**Exercise instructions**.
Of the records that follow, copy only the lines from the line containing "Better Alt Organic" to the line containing "Wallet Avril (Front)", both included, exactly as written.

**Records provided**.
--- --- ---
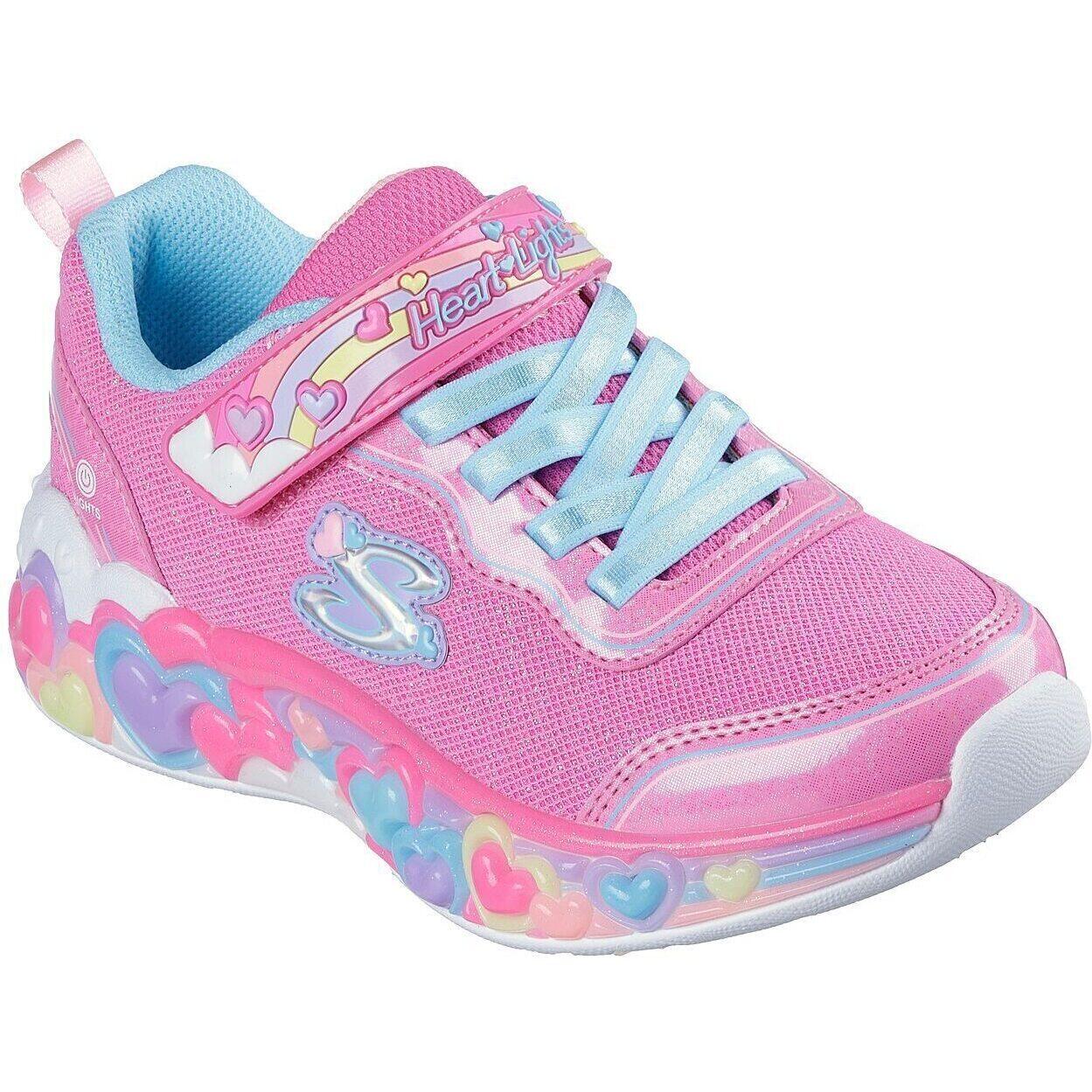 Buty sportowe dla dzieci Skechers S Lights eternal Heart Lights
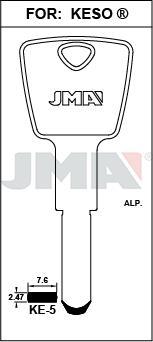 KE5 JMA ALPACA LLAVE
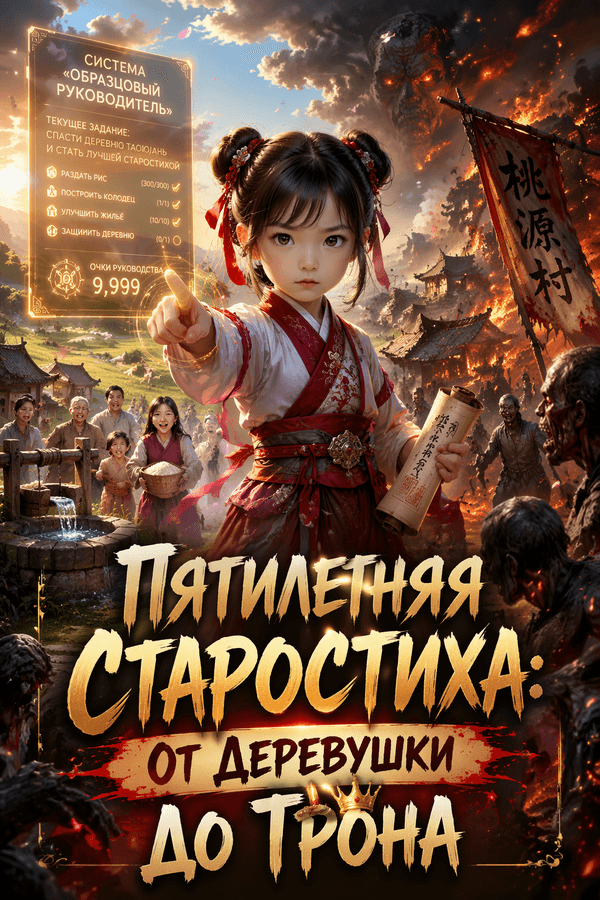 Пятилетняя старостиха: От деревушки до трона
--- --- ---
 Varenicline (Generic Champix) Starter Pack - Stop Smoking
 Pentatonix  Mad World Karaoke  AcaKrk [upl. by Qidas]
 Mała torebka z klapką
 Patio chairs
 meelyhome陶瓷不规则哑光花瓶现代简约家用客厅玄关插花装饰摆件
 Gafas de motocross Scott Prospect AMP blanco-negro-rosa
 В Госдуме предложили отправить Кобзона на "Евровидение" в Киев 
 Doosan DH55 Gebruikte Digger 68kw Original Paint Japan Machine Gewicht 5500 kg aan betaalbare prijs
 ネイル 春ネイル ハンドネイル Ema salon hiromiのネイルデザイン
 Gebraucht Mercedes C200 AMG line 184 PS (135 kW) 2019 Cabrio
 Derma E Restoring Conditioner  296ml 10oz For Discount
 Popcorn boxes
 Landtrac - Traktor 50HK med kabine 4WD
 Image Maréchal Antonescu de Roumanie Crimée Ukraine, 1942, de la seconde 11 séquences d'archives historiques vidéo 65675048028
--- --- ---
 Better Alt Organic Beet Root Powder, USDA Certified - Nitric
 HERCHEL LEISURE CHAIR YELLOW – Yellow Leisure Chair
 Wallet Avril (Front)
--- --- ---
**Output below**.
 Better Alt Organic Beet Root Powder, USDA Certified - Nitric
 HERCHEL LEISURE CHAIR YELLOW – Yellow Leisure Chair
 Wallet Avril (Front)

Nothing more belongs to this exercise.